Das ging schnell: Binnen Jahresfrist ist die Belastung der Luft am Neckartor deutlich zurückgegangen. Stuttgarts OB Fritz Kuhn will die Verbesserungen nutzen, um den angeschlagenen Ruf der Stadt zu verbessern – sobald alle Grenzwerte eingehalten werden.

Stuttgart - Stuttgarts OB Fritz Kuhn (Grüne) sieht die deutliche Verbesserung der Luftqualität am Stuttgarter Neckartor als Erfolg der städtischen Politik. „Die Stadt hat enorm viele Schritte unternommen, um die Schadstoffwerte zu verringern“, sagte Kuhn unserer Zeitung.
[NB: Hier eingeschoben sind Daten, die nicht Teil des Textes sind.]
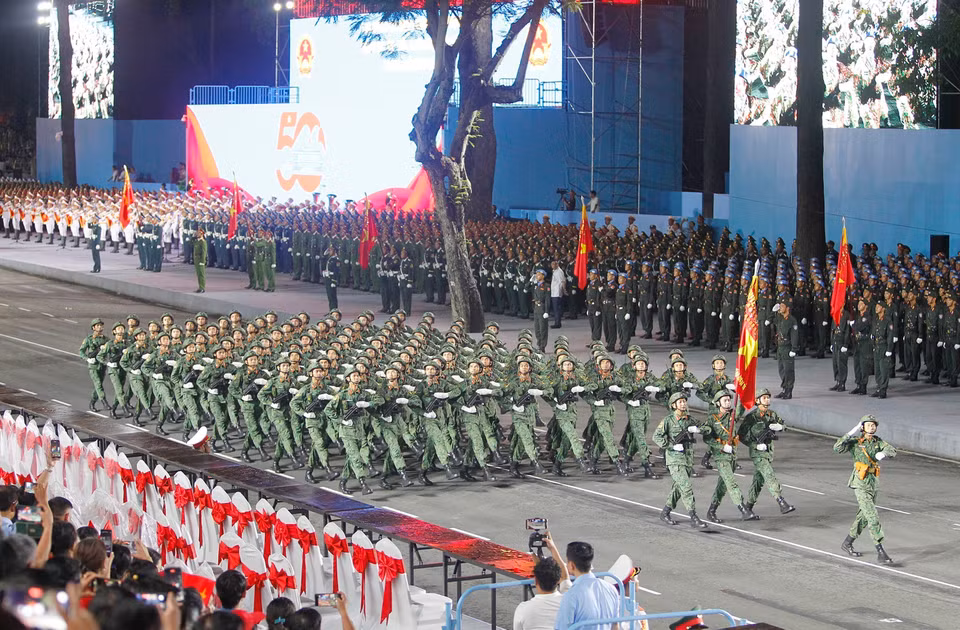 越南人民军各方队参加纪念南方解放、国家统一50周年庆典的阅兵和游行预演。图自 越通社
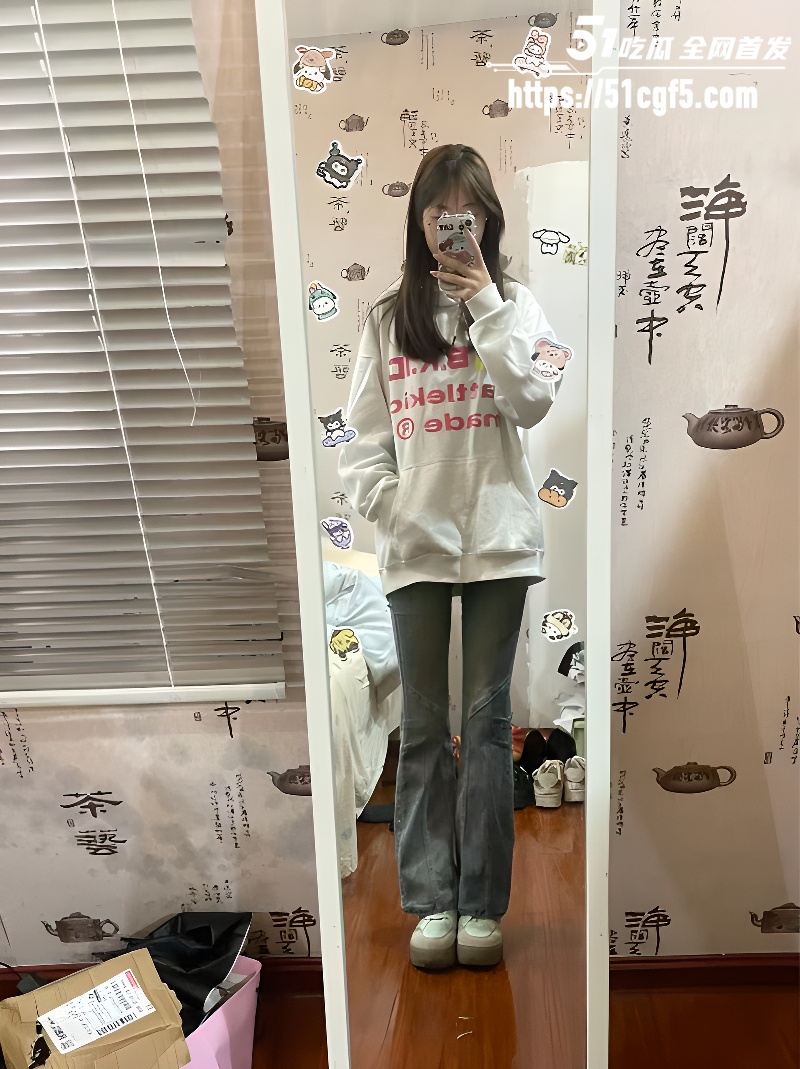 山东青岛白虎妹秦芊慧性爱自拍 3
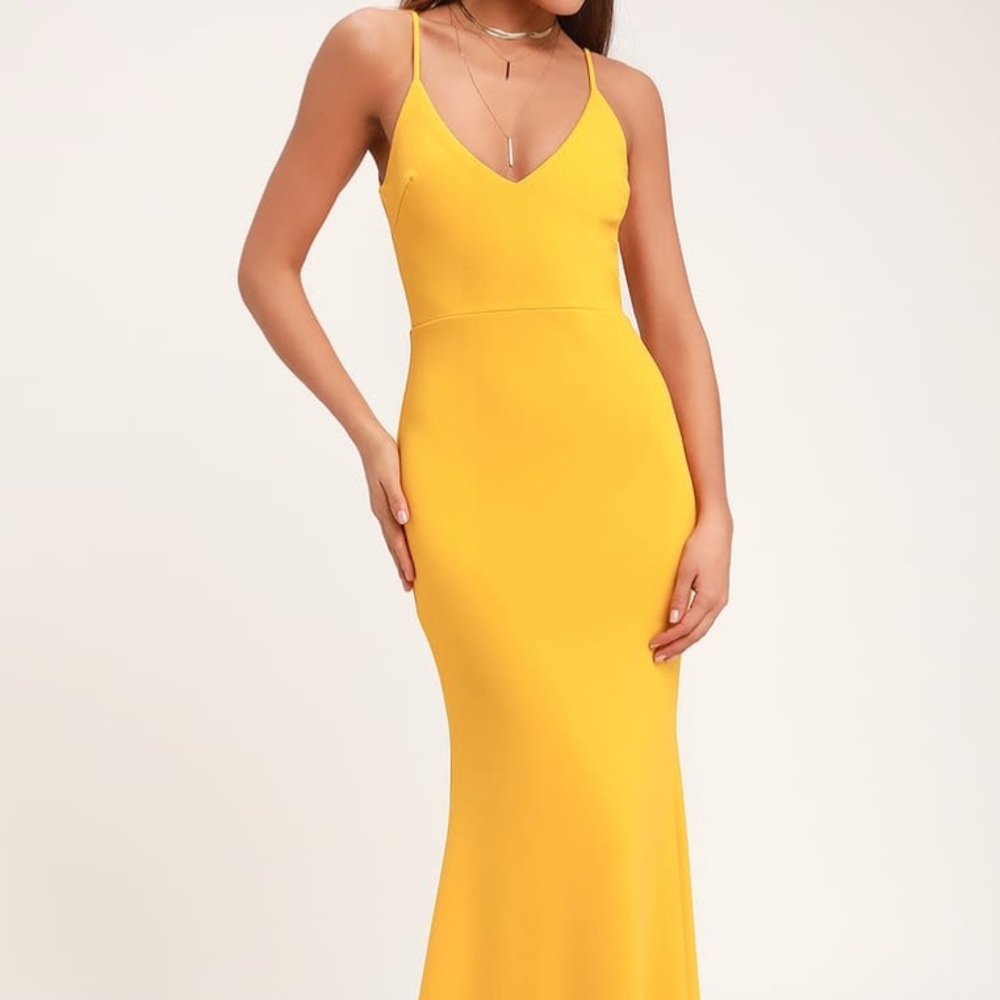 Lulus Infinite Glory Maxi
Mit der Verringerung der Stickoxid- und Feinstaubbelastung sei ein „Riesenschritt“ gelungen, zu dem viele einzelne Maßnahmen beigetragen hätten – darunter die Steigerung der Fahrgastzahl im öffentlichen Nahverkehr, mit der man bundesweit an der Spitze liege, und auch das Wegkehren von Feinstaub, das die Belastung an mehreren Tagen unter den Grenzwert gebracht dürfte.

Kuhn kündigte an, die Verbesserungen zu einem späteren Zeitpunkt öffentlichkeitswirksam zu vermarkten, um den Ruf der Stadt zu verbessern, der gegenwärtig durch die hohen Stickoxid- und Feinstaubwerte am Neckartor belastet ist. „Ich freue mich auf den Tag, an dem wir alle Grenzwerte einhalten“, sagte der Rathaus-Chef. „Dann wird es eine ungeheuer gute Vermarktung geben.“ Gegenwärtig sei es für eine solche Vermarktung noch zu früh, da noch immer Grenzwerte überschritten würden.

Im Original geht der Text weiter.